Work item
State the number of lines with "Shoulder" in the listing, leaving out everything else.

::::::::::

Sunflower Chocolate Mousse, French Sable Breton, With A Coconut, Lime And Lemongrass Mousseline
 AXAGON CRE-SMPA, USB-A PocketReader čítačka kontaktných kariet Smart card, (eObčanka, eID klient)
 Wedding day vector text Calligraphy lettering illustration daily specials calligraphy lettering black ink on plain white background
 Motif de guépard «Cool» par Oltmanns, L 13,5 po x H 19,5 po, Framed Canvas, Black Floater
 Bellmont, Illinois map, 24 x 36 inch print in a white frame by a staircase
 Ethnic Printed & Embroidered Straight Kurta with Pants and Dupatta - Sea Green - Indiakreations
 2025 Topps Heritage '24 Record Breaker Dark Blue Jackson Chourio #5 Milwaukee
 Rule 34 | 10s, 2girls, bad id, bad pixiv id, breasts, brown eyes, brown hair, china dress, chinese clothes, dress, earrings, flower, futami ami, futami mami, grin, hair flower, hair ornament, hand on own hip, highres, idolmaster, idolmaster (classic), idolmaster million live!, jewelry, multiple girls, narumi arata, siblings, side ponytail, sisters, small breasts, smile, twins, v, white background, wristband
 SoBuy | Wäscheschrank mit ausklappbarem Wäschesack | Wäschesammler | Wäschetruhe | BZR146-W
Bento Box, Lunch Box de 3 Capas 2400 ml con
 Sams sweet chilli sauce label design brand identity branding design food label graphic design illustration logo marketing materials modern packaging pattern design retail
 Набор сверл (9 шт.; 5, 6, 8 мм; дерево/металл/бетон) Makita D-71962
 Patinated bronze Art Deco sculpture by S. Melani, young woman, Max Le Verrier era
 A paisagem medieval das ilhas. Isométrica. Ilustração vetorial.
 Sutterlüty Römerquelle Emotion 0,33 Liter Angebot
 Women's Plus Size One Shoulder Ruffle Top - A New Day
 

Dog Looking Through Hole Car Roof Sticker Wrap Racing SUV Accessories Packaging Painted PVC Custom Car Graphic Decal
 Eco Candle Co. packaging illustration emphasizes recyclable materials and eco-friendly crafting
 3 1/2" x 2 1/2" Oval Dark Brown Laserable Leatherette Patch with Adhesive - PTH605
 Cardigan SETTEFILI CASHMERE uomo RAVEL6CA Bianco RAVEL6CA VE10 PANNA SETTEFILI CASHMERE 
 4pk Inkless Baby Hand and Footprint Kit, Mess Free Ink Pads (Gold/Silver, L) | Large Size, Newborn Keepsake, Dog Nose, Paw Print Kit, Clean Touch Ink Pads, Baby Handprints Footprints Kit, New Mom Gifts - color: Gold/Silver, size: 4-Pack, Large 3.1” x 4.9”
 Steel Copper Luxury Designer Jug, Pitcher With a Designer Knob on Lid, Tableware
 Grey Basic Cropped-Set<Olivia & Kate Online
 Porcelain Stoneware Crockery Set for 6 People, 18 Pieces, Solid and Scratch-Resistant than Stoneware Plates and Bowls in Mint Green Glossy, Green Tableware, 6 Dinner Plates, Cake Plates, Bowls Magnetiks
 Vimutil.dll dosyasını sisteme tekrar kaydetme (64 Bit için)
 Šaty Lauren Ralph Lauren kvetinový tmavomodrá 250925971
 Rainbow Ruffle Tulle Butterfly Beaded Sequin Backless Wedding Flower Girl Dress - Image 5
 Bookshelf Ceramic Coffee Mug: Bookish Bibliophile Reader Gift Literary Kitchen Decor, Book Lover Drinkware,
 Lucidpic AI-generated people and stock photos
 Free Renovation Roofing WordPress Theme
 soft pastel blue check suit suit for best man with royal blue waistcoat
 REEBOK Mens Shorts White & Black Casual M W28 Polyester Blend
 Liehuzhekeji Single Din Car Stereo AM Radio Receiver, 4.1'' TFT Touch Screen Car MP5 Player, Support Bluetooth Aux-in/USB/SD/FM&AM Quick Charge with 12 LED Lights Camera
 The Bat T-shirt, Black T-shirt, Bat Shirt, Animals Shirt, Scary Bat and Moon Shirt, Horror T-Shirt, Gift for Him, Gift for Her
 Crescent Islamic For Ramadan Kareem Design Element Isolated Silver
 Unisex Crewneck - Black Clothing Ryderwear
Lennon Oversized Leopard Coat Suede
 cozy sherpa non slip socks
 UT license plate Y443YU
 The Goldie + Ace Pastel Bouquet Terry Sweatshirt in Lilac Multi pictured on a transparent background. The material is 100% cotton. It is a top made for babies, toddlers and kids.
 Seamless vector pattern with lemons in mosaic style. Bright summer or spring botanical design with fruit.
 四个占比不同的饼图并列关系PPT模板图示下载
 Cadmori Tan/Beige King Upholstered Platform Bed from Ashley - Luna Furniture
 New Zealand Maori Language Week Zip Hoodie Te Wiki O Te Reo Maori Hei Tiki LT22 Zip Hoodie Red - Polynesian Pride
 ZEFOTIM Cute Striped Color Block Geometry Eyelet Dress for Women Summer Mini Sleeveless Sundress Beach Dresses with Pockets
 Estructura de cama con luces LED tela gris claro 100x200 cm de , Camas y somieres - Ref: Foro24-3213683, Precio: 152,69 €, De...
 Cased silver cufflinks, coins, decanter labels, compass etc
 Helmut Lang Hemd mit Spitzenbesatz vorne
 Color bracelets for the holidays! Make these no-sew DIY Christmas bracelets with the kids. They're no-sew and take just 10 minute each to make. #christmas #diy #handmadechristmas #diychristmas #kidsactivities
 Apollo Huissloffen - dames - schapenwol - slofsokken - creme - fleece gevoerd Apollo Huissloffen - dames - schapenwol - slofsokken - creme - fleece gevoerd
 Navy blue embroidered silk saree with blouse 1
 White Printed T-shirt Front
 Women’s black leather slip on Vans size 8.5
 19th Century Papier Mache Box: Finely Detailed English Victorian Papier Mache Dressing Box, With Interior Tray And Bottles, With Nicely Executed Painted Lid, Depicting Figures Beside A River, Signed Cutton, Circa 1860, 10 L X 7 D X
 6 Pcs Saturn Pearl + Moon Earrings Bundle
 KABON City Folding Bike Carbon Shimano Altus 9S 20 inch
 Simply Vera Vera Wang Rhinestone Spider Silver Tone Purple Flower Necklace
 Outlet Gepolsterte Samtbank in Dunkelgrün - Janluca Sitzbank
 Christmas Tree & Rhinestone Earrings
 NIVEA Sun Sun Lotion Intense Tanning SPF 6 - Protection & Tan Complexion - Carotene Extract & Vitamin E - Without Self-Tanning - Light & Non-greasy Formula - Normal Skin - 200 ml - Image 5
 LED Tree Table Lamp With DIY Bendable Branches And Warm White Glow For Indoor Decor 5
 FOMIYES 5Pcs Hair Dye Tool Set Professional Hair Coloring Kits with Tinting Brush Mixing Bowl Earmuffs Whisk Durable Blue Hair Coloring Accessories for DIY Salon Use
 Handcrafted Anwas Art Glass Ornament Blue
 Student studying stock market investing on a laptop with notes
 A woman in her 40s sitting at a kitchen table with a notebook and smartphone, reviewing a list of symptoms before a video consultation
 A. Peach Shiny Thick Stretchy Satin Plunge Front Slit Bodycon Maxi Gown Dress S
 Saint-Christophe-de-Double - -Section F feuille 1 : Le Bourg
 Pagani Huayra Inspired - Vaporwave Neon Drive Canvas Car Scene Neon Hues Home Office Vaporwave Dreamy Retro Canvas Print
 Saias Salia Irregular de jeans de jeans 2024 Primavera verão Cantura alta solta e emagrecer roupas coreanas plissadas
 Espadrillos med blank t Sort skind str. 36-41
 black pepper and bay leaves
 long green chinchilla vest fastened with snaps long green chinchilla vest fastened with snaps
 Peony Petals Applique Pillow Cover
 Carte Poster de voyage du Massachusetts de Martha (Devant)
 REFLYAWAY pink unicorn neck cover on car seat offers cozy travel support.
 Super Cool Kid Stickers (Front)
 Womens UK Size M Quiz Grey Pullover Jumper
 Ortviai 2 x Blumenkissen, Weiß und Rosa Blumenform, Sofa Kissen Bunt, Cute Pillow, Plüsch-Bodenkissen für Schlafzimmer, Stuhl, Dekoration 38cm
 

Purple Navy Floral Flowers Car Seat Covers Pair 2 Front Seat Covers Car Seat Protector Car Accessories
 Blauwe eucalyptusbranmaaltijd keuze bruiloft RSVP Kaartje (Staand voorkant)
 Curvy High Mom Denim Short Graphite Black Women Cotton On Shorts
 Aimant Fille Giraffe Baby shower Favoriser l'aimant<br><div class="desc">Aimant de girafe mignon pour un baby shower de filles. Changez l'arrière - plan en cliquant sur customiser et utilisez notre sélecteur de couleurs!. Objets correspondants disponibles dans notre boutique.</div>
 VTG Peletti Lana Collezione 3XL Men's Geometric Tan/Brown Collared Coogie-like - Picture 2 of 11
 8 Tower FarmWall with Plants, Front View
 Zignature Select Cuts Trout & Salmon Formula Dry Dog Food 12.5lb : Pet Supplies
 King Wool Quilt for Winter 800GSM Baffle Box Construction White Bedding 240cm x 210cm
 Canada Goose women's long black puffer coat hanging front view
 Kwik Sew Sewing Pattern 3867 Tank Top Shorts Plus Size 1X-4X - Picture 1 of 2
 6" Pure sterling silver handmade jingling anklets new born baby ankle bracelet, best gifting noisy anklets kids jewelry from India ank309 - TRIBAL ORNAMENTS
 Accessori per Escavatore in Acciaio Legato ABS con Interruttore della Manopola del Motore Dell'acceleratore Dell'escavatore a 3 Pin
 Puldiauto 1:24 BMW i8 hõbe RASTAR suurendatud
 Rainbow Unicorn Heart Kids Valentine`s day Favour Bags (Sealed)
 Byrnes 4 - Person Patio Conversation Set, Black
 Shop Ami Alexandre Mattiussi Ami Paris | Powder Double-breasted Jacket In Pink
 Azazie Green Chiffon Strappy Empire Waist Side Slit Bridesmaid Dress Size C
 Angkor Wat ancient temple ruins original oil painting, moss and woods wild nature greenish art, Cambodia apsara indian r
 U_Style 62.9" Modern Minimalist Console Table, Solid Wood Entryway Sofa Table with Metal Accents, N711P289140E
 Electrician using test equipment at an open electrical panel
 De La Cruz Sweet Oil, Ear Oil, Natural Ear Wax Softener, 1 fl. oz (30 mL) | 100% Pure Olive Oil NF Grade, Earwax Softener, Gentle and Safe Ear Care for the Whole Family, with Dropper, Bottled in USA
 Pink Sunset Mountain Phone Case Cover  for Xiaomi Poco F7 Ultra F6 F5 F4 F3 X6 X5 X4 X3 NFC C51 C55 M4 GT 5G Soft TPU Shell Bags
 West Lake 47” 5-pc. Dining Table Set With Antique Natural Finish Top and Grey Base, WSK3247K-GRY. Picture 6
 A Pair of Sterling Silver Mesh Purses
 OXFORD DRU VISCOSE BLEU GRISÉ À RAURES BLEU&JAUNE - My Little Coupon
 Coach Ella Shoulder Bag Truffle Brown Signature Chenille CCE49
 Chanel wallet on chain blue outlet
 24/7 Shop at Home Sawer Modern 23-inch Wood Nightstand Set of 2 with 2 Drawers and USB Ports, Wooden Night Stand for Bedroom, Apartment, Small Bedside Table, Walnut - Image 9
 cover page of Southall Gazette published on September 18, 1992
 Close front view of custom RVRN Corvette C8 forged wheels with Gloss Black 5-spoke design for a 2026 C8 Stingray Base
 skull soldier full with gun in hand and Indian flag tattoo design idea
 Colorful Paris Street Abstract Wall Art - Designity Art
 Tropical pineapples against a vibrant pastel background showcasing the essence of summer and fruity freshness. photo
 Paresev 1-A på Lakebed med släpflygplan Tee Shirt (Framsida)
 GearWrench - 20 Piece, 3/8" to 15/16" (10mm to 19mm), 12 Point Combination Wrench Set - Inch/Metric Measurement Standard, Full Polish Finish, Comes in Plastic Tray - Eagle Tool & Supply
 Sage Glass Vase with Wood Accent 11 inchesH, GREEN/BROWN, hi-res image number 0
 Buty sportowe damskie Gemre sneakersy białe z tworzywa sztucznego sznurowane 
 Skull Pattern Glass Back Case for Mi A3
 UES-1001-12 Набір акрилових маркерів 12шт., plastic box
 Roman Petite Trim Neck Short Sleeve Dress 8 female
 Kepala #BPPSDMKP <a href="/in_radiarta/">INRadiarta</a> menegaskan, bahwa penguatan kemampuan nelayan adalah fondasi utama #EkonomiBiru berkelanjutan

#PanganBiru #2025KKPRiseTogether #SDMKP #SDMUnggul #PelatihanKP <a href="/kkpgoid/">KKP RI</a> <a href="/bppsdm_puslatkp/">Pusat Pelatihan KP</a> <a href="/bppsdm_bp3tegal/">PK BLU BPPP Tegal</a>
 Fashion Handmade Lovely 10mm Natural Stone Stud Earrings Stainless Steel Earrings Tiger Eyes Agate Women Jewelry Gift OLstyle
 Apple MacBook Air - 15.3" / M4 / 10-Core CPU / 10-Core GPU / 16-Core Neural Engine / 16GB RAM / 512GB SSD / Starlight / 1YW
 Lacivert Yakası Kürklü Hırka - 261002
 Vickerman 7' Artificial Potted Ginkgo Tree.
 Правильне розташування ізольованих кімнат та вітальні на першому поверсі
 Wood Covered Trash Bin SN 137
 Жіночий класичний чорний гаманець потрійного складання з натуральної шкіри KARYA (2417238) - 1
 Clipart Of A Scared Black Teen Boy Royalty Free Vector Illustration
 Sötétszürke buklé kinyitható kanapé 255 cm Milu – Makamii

::::::::::

Problem solution
2